Data for this exercise:
★ ★ ★

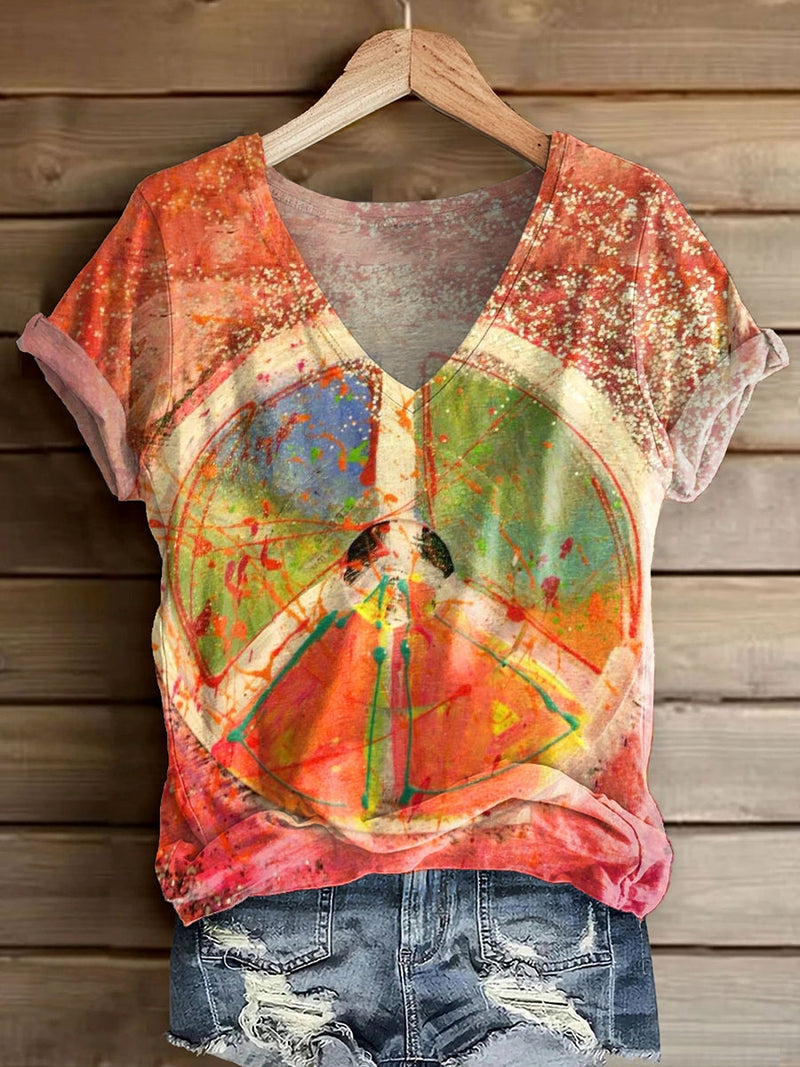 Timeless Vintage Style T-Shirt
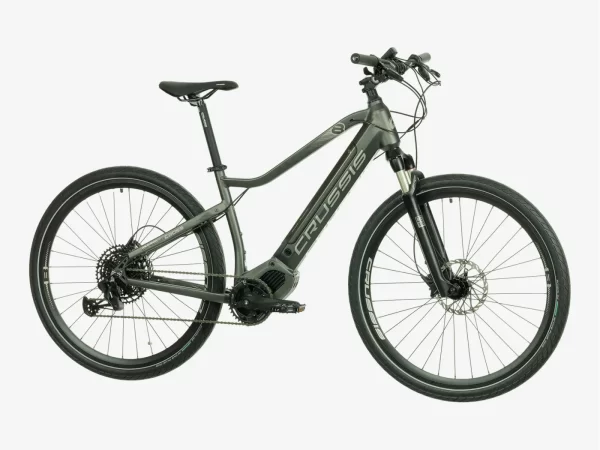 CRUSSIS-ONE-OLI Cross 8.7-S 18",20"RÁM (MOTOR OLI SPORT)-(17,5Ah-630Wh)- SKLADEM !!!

★ ★ ★

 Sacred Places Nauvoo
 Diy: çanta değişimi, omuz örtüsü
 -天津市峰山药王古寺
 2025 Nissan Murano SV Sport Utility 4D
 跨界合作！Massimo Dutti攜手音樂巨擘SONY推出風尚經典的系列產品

★ ★ ★

What this task involves: Look above for the line with "Diy: çanta değişimi, omuz örtüsü" and the line with "跨界合作！Massimo Dutti攜手音樂巨擘SONY推出風尚經典的系列產品"; transcribe both and all lines in between, exactly, and nothing else.

Result:
 Diy: çanta değişimi, omuz örtüsü
 -天津市峰山药王古寺
 2025 Nissan Murano SV Sport Utility 4D
 跨界合作！Massimo Dutti攜手音樂巨擘SONY推出風尚經典的系列產品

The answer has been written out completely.